The days of dial-up internet and painfully slow computer software may not seem long ago for some, but for others it is simply history.
A YouTube series has laid bare this distinction by confronting baffled 21st century teenagers with technology from the not-so-distant past.
This week, they came up against Windows 95, which was released before they were born.
One girl summed up the general mood: “It’s prehistoric, it’s an old dinosaur.”
Windows 95 was one of the first mass-market operating systems, which, upon its release in August 1995, brought computers into millions of households worldwide.
The Microsoft-developed software had people queuing at midnight to buy it at shops in the UK and came hand-in-hand with the first version of Internet Explorer. The system sold seven million copies in the first five weeks of its release.
But, despite acting as a catalyst for years of future technological development, few of the teenagers in the video had ever seen it in action.

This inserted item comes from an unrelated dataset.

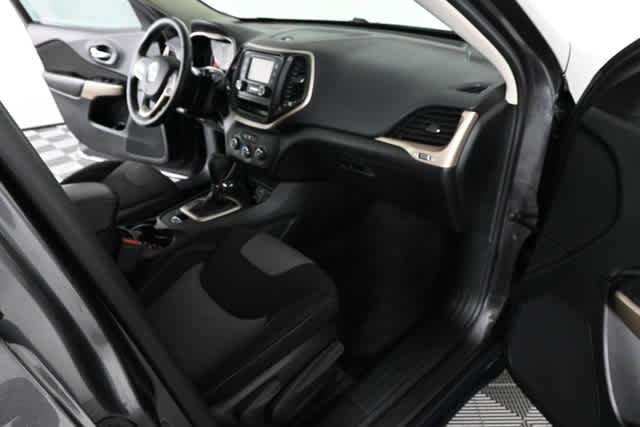 2017 Jeep Cherokee Sport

In fact, even the computer was the source of some confusion to one boy, who said: “It’s a Dell. Not the singer (Adele), but a Dell.”
Almost all of them then failed to actually turn the machine on – instead repeatedly pressing the button to activate the monitor.
Things were only about to get more complicated, however, when they realised the computers did not have WiFi, but required a dial-up modem.
“Wait, what is a modem?” one perplexed teen tentatively enquired.
Benny Fine, one of the brothers behind the video, told Cnet that the results were “pretty great and also makes you feel quite old”.